--- WORK INSTRUCTION ---
Nothing but the lines below between the line holding "Using half tile" and the line holding "That's the Benwell.", inclusive, should appear in the answer, each set down exactly.

--- DATA EXCERPTS ---
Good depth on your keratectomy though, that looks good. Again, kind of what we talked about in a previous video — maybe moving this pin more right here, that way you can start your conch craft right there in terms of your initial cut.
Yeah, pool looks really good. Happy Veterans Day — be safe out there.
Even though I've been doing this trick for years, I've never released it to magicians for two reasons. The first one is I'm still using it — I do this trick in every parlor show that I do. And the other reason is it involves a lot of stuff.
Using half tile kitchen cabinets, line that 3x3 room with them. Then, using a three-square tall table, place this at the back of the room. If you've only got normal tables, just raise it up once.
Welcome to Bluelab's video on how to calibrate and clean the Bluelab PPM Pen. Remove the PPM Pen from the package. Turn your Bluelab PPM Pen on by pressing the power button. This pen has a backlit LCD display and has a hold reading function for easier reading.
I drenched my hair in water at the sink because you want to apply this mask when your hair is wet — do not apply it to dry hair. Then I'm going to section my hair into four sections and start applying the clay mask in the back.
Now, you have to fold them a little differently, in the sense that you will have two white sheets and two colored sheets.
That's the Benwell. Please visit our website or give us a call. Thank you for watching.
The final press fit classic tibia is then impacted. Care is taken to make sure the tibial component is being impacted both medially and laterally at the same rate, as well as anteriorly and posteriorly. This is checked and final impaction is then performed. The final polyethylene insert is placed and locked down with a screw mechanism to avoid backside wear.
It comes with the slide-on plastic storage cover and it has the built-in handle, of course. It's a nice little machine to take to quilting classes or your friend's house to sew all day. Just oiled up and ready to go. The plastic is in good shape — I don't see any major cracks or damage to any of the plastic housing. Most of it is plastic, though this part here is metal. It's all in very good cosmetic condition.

--- THE COMPLETED TASK ---
Using half tile kitchen cabinets, line that 3x3 room with them. Then, using a three-square tall table, place this at the back of the room. If you've only got normal tables, just raise it up once.
Welcome to Bluelab's video on how to calibrate and clean the Bluelab PPM Pen. Remove the PPM Pen from the package. Turn your Bluelab PPM Pen on by pressing the power button. This pen has a backlit LCD display and has a hold reading function for easier reading.
I drenched my hair in water at the sink because you want to apply this mask when your hair is wet — do not apply it to dry hair. Then I'm going to section my hair into four sections and start applying the clay mask in the back.
Now, you have to fold them a little differently, in the sense that you will have two white sheets and two colored sheets.
That's the Benwell. Please visit our website or give us a call. Thank you for watching.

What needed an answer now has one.